Information given ▸
● ● ● ● ●
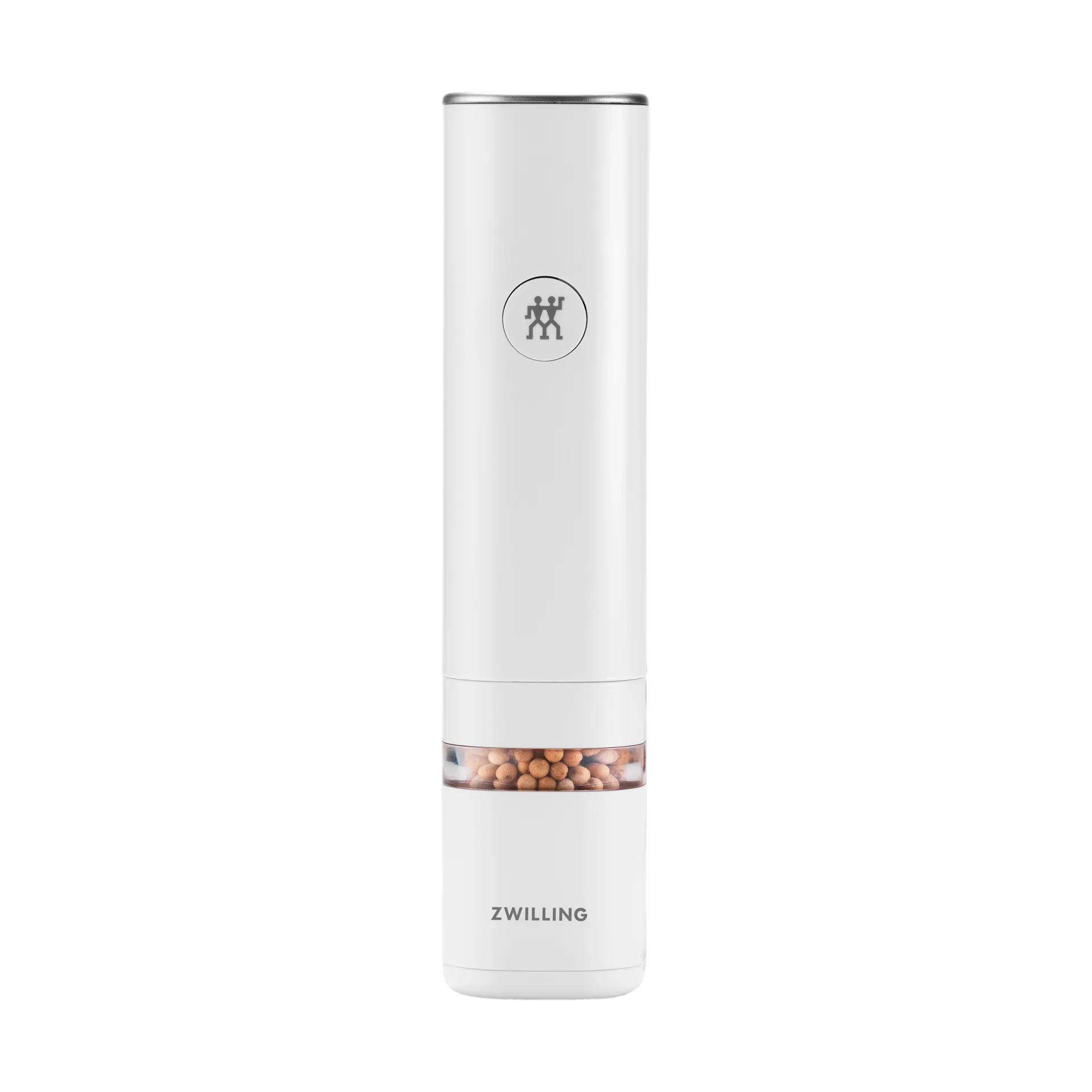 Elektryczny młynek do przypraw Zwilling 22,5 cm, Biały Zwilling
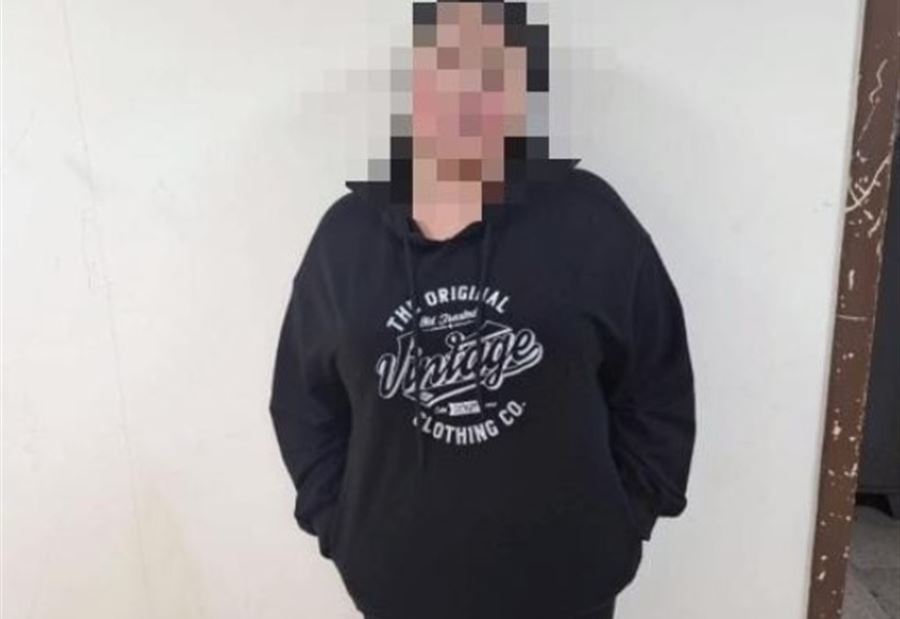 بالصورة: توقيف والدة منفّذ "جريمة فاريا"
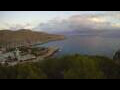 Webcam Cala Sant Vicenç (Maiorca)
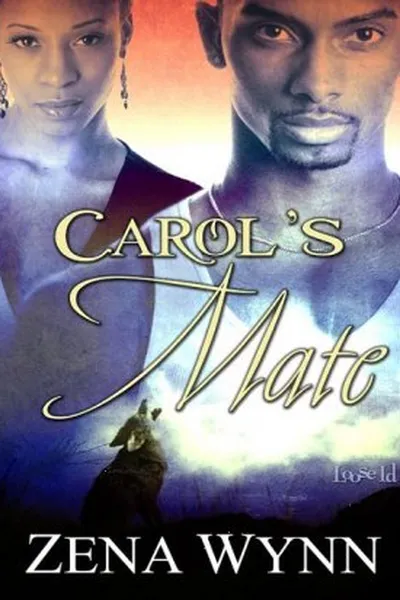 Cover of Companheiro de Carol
● ● ● ● ●
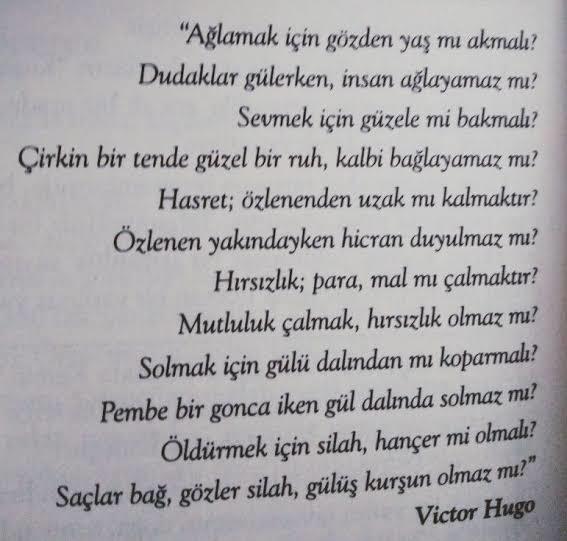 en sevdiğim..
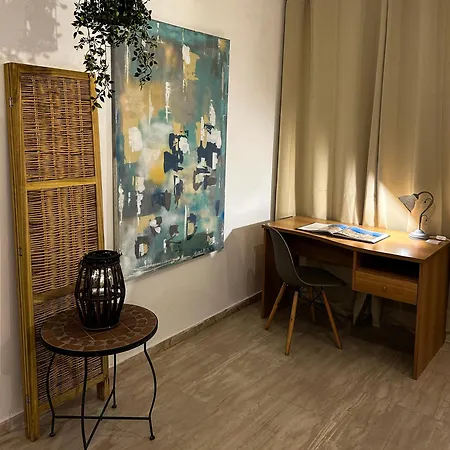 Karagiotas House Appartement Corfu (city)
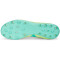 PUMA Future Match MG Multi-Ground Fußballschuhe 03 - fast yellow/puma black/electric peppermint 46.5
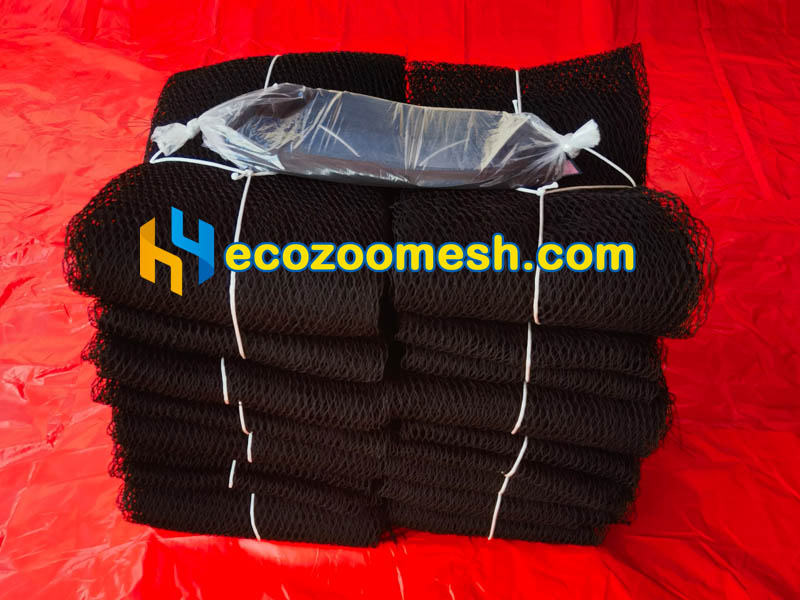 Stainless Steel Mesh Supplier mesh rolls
● ● ● ● ●
What are the lines in the records above, word for word, from the one containing "Elektryczny młynek do" through the one containing "Cover of Companheiro de Carol", both ends included and pictures left out?

 Elektryczny młynek do przypraw Zwilling 22,5 cm, Biały Zwilling
 بالصورة: توقيف والدة منفّذ "جريمة فاريا"
 Webcam Cala Sant Vicenç (Maiorca)
 Cover of Companheiro de Carol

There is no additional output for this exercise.